Privacy Notice
The SEG Automotive Germany GmbH (“SEG”, “the Controller”) offers aftermarket products and spare parts for passenger cars and commercial vehicles (the “Products”) to customers (the “User”) via this aftermarket platform (the “Platform”). By using the Platform, personal data of the Users will be processed as described in this Policy. SEG takes privacy very seriously and operates at all times in accordance with applicable data protection laws.
Controller
SEG Automotive Germany GmbH
Lotterbergstraße 30
70499 Stuttgart
Germany
Data Protection Officer
Phone: +49 711 4009 - 8000
Email: dataprotection.officer@seg-automotive.com
Personal data
The following personal data of the User is processed by SEG for the purpose of offering and selling the Products:
- Name
- Company Name
- VAT Registration Number
- Telephone Number
- Mobile Number
- Shopping Address (Street, City, Country)
- Billing Address (Street, City, Country)
Cookies
Furthermore, the Platform uses cookies that are essential to navigate around the Platform and use its features. These cookies do not gather information about the User that could be used for marketing or remembering where he or she has been on the internet.
Lawfulness of processing: By acknowledging this Privacy Policy, the User consents to SEG processing his or her personal data to the extent and for the purposes described (Art. 6 para. 1 lit. a GDPR). All data processing activities in connection with the purchase of products via this platform are additionally based on the legal basis resulting from Art. 6 para. 1 lit. b GDPR.
Transfer to third parties: For certain technical processes involved in data processing, the Controller relies on assistance from external service providers, who might be given access to the personal data of the User for the purpose of rendering these services. These service providers are carefully selected and meet high standards of data privacy and data protection. They are obligated to maintain strict confidentiality and only process data on behalf of and under the instructions of the Controller. The legal basis for the involvement of these service providers is GDPR Art. 28.
For the purpose of global cooperation with subsidiaries, the Controller can disclose data to other affiliates. The legal basis for this disclosure is Art. 6 para. 1 lit. f GDPR.
The Controller works with companies and agencies with special expertise in specific areas or in certain subjects (e.g. tax auditors, attorneys, consulting companies, logistic service providers). These agencies are either subject to a professional duty of confidentiality or have entered a confidentiality agreement with the Controller. Should it become necessary to disclose personal data to these agencies, the legal basis shall be Art. 6 para. 1 lit. c or Art. 6 para. 1 lit. f GDPR.
Aside from the cases stipulated in this Privacy Policy, the Controller will not disclose personal data of the User to third parties without the User’s express consent unless the Controller is obligated to do so by law or based on licensing requirements or injunctions.
If personal data is transmitted to states outside of the European Union and the European Economic Area, the personal data of the User will be protected through appropriate safeguards.
Term of storage
The aforementioned data is deleted once it is no longer required for the specified purposes, unless a longer term of storage is legally required or unless continued storage is in the legitimate interest of the company and provided that this is not outweighed by the interests or fundamental rights and freedoms of the User.
Furthermore, the User can request the deletion of personal data related to user accounts.
Rights of the Data Subject
The User has the right to obtain from the Controller confirmation as to whether or not personal data concerning him or her are being processed, and, where that is the case, access to that personal data.

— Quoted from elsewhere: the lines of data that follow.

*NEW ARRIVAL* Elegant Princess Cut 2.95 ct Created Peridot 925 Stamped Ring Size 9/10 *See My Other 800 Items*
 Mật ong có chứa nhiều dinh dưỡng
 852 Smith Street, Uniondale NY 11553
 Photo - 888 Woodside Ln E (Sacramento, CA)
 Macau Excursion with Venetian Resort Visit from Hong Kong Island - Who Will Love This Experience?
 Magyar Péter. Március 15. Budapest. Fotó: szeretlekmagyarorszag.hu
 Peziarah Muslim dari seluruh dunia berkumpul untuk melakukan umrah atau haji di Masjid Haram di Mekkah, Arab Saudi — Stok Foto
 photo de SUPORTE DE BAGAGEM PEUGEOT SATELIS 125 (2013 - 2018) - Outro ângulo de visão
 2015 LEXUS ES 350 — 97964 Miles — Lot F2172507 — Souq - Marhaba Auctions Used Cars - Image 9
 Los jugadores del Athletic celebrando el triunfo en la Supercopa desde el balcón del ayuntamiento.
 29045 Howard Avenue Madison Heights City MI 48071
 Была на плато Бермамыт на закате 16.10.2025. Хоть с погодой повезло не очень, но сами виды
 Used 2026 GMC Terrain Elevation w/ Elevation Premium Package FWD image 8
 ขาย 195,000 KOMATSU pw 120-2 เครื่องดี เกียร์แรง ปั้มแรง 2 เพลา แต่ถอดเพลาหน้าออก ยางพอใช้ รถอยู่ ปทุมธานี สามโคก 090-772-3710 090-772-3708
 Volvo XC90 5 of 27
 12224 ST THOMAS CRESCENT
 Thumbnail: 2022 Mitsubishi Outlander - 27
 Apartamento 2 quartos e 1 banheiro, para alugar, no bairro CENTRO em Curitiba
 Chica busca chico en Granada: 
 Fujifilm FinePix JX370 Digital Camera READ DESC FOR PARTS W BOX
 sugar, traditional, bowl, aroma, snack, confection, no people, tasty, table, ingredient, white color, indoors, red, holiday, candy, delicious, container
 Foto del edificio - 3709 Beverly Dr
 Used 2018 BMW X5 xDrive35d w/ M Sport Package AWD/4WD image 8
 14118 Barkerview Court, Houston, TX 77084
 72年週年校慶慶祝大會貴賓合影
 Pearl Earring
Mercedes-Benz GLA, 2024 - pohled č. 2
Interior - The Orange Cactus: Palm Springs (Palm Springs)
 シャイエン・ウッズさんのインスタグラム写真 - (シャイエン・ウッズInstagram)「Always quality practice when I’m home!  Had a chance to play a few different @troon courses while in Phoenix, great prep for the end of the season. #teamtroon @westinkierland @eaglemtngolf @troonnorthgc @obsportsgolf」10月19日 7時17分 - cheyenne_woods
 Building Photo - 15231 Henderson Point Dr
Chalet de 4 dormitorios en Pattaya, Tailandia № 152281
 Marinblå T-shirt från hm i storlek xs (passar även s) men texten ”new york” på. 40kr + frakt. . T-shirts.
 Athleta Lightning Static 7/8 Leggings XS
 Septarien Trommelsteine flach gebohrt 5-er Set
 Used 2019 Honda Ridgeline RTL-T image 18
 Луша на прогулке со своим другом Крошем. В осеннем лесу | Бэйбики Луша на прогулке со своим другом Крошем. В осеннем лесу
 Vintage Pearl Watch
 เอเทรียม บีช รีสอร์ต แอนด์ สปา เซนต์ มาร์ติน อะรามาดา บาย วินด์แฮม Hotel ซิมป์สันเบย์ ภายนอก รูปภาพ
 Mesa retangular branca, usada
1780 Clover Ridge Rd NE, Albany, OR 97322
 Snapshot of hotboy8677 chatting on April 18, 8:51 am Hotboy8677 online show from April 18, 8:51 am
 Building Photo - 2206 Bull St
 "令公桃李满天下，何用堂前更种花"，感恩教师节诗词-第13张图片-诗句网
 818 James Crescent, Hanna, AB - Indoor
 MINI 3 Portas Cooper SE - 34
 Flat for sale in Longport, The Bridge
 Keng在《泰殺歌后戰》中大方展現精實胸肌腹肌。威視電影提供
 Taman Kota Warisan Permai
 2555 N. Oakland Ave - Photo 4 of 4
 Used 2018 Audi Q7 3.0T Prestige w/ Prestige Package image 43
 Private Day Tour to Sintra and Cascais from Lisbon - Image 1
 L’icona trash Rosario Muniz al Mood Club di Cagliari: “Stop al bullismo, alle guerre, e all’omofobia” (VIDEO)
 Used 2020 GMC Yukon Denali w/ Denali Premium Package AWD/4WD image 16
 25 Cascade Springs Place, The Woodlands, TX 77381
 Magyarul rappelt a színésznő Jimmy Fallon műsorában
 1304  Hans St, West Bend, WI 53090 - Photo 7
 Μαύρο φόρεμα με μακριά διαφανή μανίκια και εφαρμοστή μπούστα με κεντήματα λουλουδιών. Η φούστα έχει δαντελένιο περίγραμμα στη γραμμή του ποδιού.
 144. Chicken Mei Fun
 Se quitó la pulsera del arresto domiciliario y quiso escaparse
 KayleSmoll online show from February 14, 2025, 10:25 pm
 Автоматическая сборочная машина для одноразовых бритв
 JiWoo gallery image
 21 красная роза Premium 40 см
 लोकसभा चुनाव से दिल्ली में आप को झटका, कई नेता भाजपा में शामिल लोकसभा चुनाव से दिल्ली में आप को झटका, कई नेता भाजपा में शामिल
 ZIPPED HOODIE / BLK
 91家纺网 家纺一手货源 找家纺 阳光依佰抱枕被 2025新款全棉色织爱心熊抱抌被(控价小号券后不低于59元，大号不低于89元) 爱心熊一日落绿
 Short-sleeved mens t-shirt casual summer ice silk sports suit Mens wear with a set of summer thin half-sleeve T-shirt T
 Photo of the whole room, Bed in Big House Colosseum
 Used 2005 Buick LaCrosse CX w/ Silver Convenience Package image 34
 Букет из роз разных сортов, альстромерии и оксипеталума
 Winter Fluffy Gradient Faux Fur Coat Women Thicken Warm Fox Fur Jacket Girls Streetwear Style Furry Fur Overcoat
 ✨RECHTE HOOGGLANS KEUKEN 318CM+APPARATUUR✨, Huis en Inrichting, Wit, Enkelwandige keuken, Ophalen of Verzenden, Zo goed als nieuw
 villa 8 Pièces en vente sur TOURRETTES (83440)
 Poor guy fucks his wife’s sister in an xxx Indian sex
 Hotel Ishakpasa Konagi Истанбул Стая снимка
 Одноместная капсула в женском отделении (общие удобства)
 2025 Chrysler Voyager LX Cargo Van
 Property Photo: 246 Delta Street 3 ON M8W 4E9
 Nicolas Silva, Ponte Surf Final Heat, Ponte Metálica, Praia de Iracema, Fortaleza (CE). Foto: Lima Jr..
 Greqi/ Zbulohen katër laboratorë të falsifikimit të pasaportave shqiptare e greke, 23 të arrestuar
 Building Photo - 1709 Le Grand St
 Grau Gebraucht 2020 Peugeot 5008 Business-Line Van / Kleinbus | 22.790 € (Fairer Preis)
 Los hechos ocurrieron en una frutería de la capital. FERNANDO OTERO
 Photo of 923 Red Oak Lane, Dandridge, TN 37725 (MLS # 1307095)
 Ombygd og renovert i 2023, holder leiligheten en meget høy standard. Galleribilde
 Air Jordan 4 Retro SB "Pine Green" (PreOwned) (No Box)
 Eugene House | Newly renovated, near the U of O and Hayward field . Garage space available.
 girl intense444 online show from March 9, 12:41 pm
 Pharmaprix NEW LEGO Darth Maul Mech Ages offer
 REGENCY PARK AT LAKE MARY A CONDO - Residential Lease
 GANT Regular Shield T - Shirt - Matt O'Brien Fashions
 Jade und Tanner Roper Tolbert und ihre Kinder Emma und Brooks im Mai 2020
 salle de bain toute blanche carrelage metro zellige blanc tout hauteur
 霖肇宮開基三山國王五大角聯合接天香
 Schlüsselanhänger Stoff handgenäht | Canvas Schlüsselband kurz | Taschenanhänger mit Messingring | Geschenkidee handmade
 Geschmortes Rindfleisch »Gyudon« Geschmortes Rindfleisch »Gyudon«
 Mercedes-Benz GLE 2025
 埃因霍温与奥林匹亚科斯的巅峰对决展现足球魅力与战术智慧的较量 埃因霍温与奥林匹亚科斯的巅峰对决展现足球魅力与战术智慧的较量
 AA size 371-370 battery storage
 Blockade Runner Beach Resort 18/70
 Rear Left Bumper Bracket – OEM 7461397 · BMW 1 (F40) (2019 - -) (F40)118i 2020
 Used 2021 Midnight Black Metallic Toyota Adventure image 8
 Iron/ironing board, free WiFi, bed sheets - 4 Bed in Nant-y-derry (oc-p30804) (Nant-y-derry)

Given the applicable legal prerequisites, the User has the right to rectification, deletion or restriction of processing. Given the applicable legal prerequisites, the User also has the right to receive this personal data in a structured, conventional and machine-readable format. This includes the right to have this data transmitted to another controller. Provided that it is technically feasible to do so, the User can also request that the Controller transits the personal data directly to the other controller.
If the User’s personal data is processed as described above based on a balance of interests in accordance with Art. 6 para. 1 lit. f GDPR, the User has the right to opt out of this data processing.
If the User has given consent to the processing of his or her data (Art. 6 para. 1 lit. a or Art. 9 para. 2 lit. a GDPR), the User has the right to revoke consent at any time. This will not affect the legality of the data processing which occurred prior to the revocation of the consent.
The User has the right to file an appeal through the appropriate controlling authorities.